May is Skin Cancer Awareness Month
According to Marcus Cook, professor and chair of the Department of Molecular Biosciences and co-corresponding author of the study, recent research indicates there may be a more effective way to treat melanoma by using ascorbic acid (vitamin C) to increase DNA damage in cancer cells, causing them to die.
The multidisciplinary research team found that melanoma cells had more DNA damage and lower antioxidant defenses than normal skin cells. When treated with hydrogen peroxide and vitamin C, melanoma cells had more DNA damage and higher rates of cell death, while normal cells were protected. Additionally, the results showed that vitamin C increased the effectiveness of elesclomol, an existing melanoma treatment.
Cook, who also leads the oxidative stress group, said the effects of vitamin C on DNA and skin cells have been studied for many years, which led to the current research.

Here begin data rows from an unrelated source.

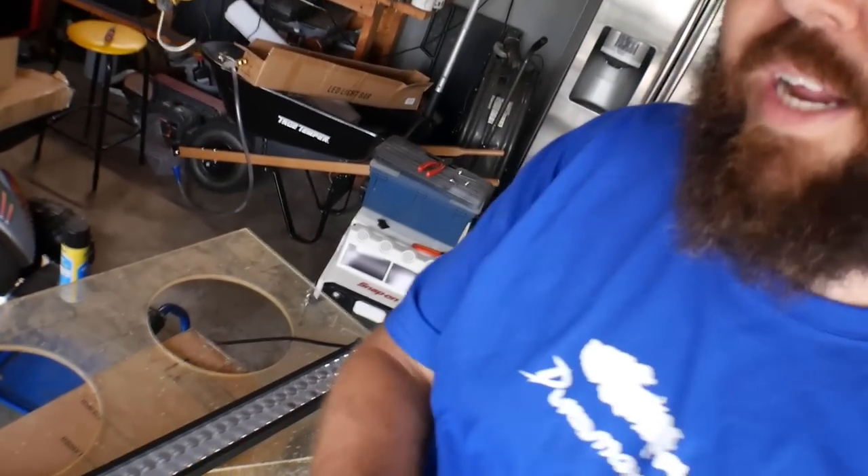The light bar I ended up getting was from Autotune, just on Amazon. It's a cheaper light bar, something that everybody's going to be able to do. It ended up being like 48 bucks — something really simple and easy. It came with a 32-inch light bar, everything it takes to mount it, and the harness for hooking everything up. You will have to do a little bit of extra bracket making to make it work on your Duramax or Chevy truck.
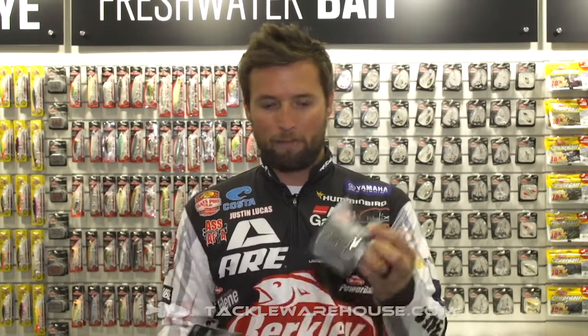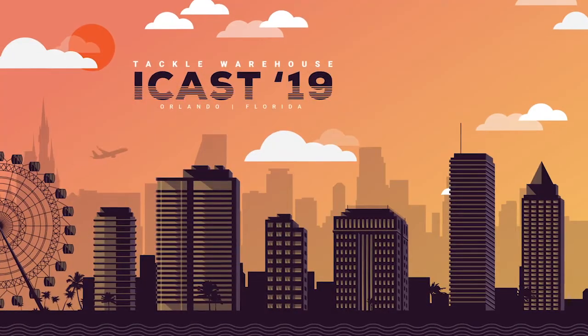So you guys are going to really like them. Of course, available in red and black nickel, just adding more and more stuff to the Fusion 19 lineup. The sharpest hooks I've ever used — if you guys haven't tried them, make sure to buy a pack and try them out. I think you'll be very, very happy. And of course, these are available for pre-order now on Tackle Warehouse.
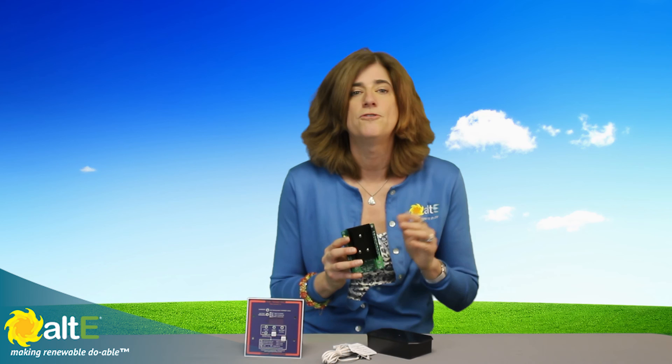That's about it for the Bogart SC2030. Don't forget to check out our website at altistore.com, where we've been making renewable doable since 1999.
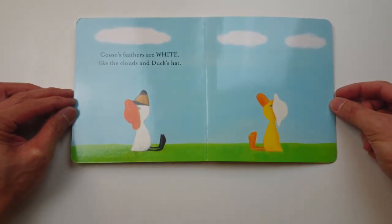Goose's feathers are white like the clouds and Duck's hat. The end.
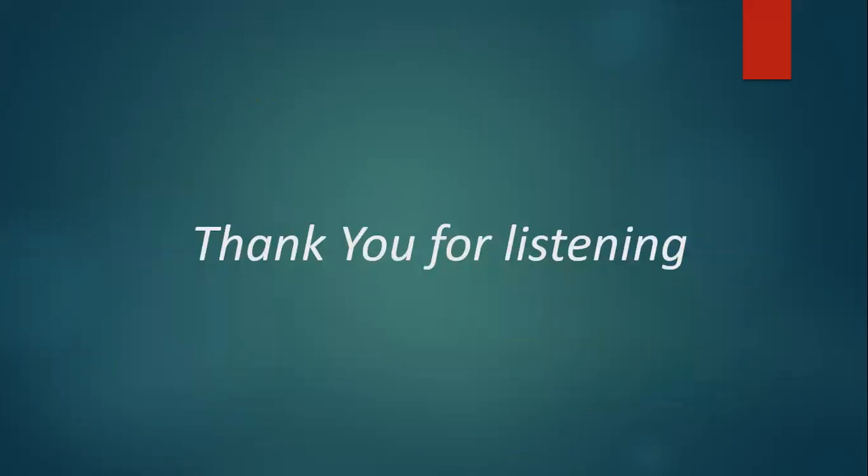Thank you for listening. If the comments warrant it, I will come up with a video on my upgraded system and also on how to make the gel phantom. I hope you enjoyed the story of how I learned gel dosimetry.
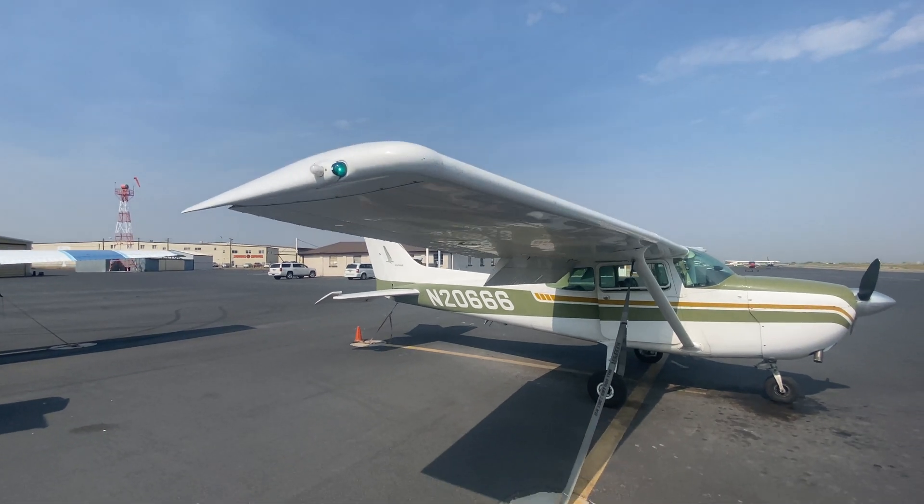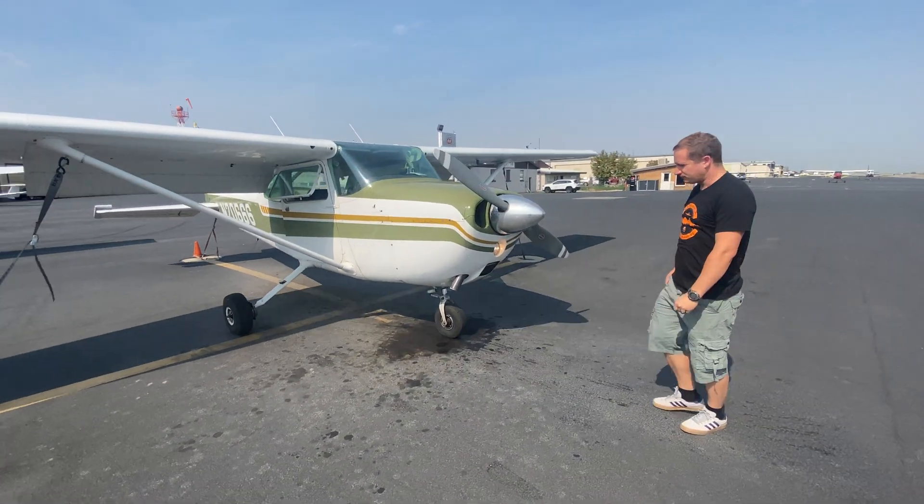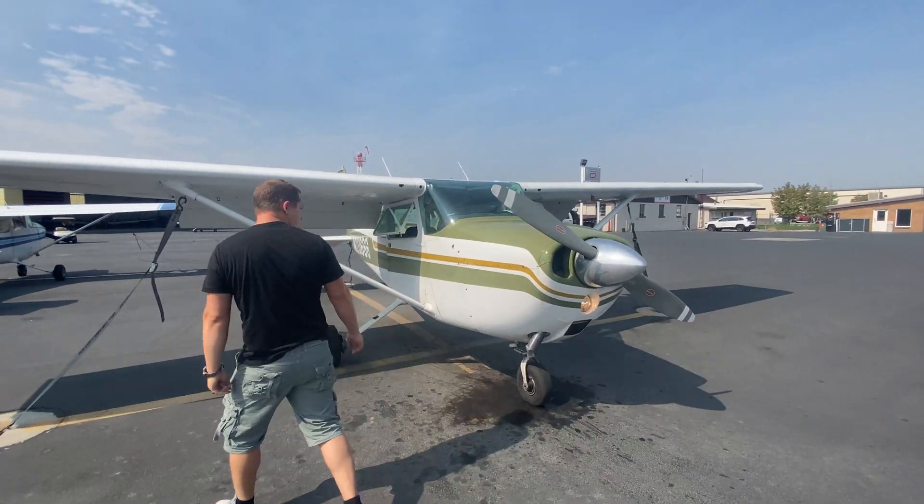Right here in the front we've got our landing light. So now we'll go back into the plane and shut it all off — we've verified it's all working.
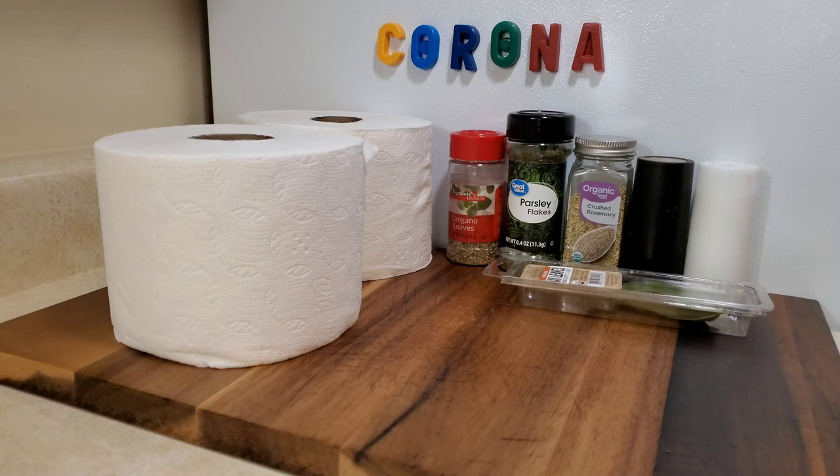No! No! If you happen to be one of those people that bought all the toilet paper, you'll want to keep watching this.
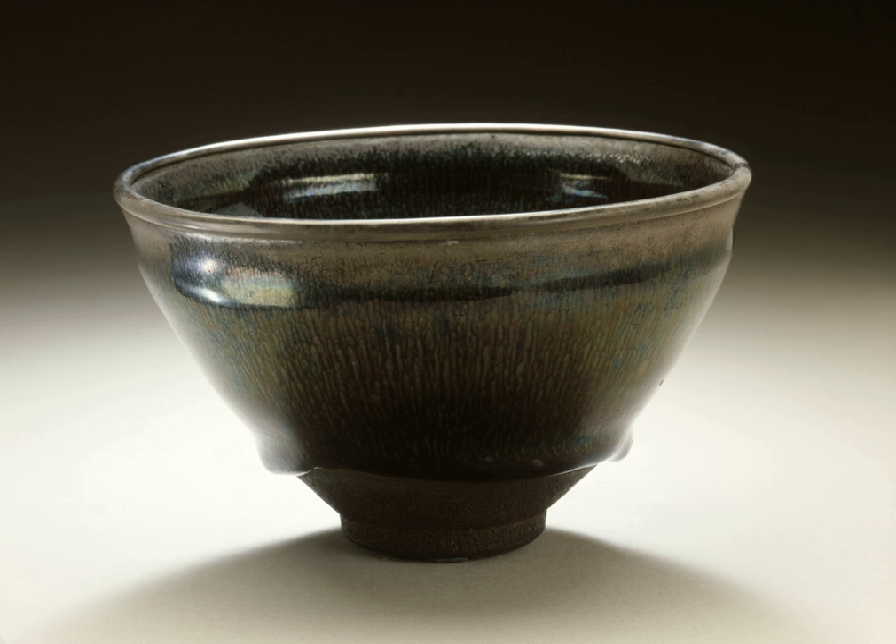Teapots, which are used to steep the tea leaves in hot water. Teacups, which are vessels from which to drink the hot tea out of which the leaves have been strained. There are many different kinds of tea cups. Tea strainers, for extracting leaves from tea solutions. Tea trays, or draining trays, which are used to keep the tea and hot water from spilling onto the table.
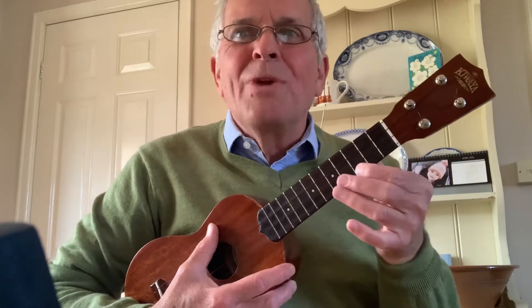I've chosen this morning to do Hi Ho Silver Lining by Jeff Beck. It was recorded, would you believe, in 1967 — a long, long time ago. So it has really four or five chords in it.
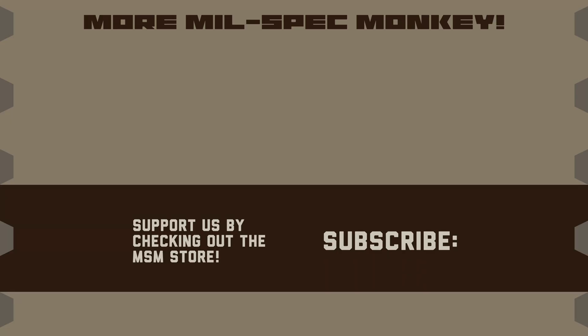If you liked this video and want to support us, check out the Mil-Spec Monkey Store. Although known for morale patches, we also specialize in a good selection of DIY hardware and tactical accessories.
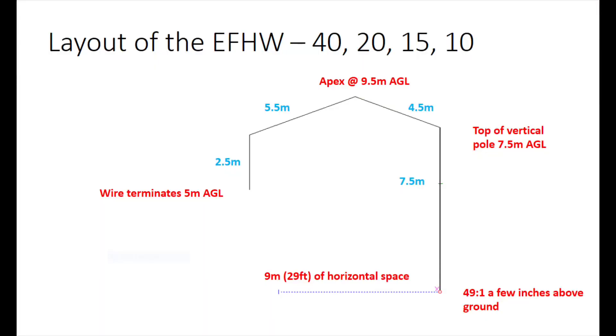The antenna I used was an end-fed half wave, around 66 feet or about 20 meters in length. For this particular antenna it's fed with a 49 to 1 transformer, and you get 40, 20, 15, and 10 meters as harmonics of the 40 meter half wave. In the bottom right-hand corner you can see I fed the antenna a few inches above ground with a 49 to 1.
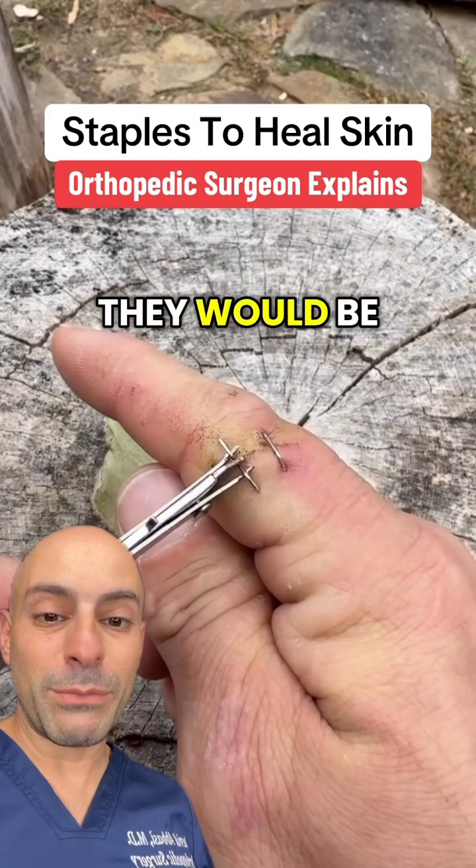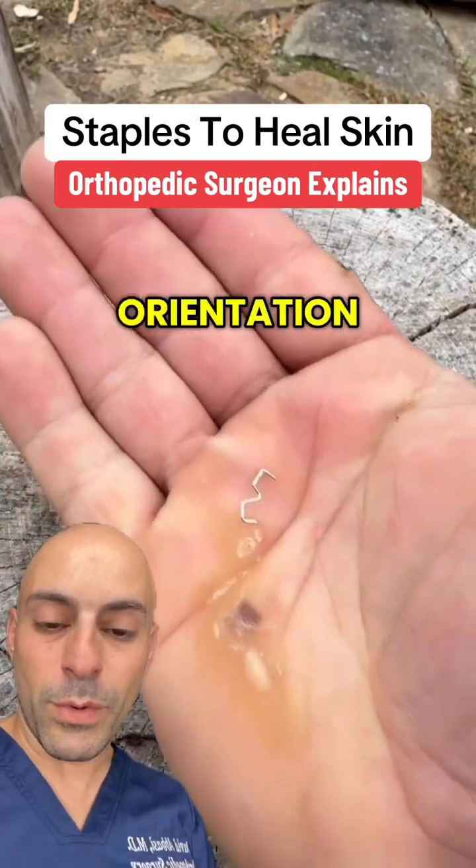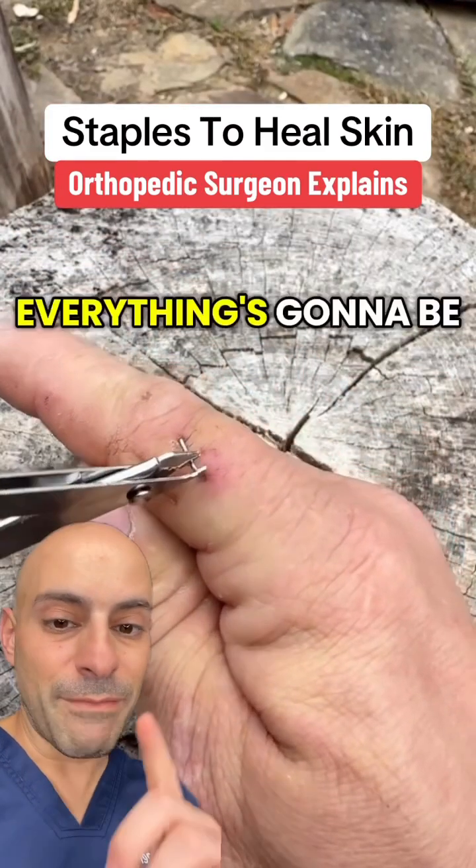To remove the staples, they would be removed just like this. As you can see, it leaves the staple in that type of orientation. As long as those skin edges heal, everything's going to be okay.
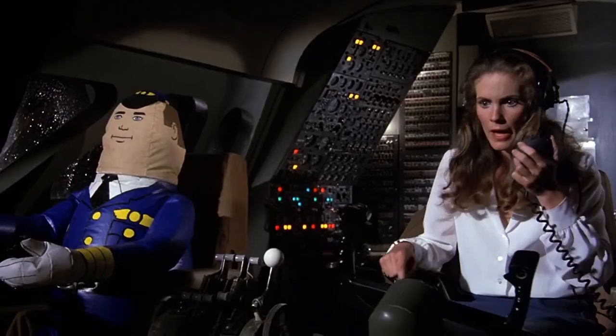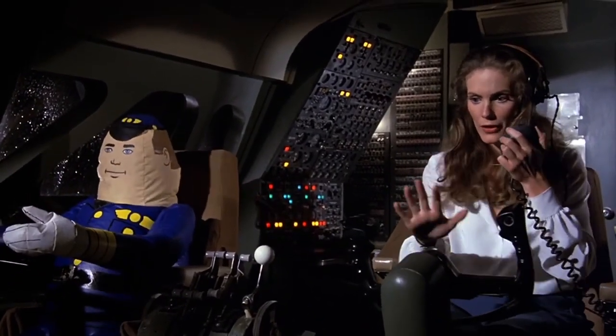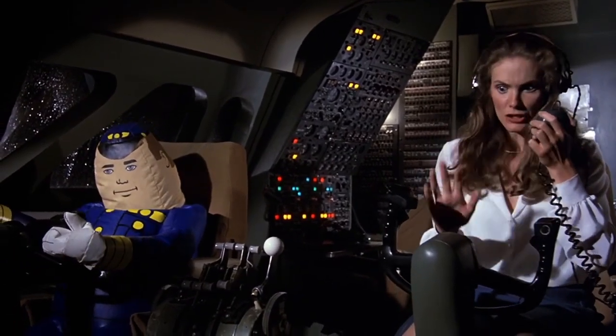Check your altitude. That's the dial just below and to the right of the airspeed indicator. 35,000 feet. No, wait — 34,000 feet. No, it's dropping. It's dropping fast.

“We have been studying the effects of antioxidants since the late 1990s and have been fascinated by vitamin C’s ability to act as a pro-oxidant (causing DNA damage) and antioxidant (preventing DNA damage) and its apparent ability to help regulate DNA repair. This, combined with our long-standing interest in skin biology/solar UV radiation, also dating back to the 1990s, led to this research.”
“Our results show that melanoma cells have higher levels of DNA damage than keratinocytes (the main cells found in the epidermis), and that this damage is proportional to the amount of melanin in the melanocytes – the more melanin, the greater the damage,” explains Cook. “This was also seen in cells that had not been exposed to sun, suggesting that melanin in the cells may be damaging to melanoma cells.”
“Our studies have revealed that the levels of potentially harmful reactive substances are proportional to the amount of melanin, while the levels of protective antioxidants are inversely proportional. With all this in mind, we have discovered that we can exploit this situation to selectively kill melanoma cells,” he said.
Cook acknowledges that further clinical studies and trials will help bolster these findings and move us forward toward incorporating ascorbic acid as an adjunct to treatment.
“Ascorbic acid is already well studied and known to be well tolerated, so if it acts like elesclomol to induce DNA damage, I think clinicians could add ascorbic acid to existing treatments to augment existing approaches,” he said. “The biomarkers of oxidative stress that we use in our lab in my oxidative stress group are particularly well suited to clinical studies, so we’re looking forward to using them in clinical trials.”
In vivo Once patient biomonitoring (of whole living cell organisms) and clinical studies begin.”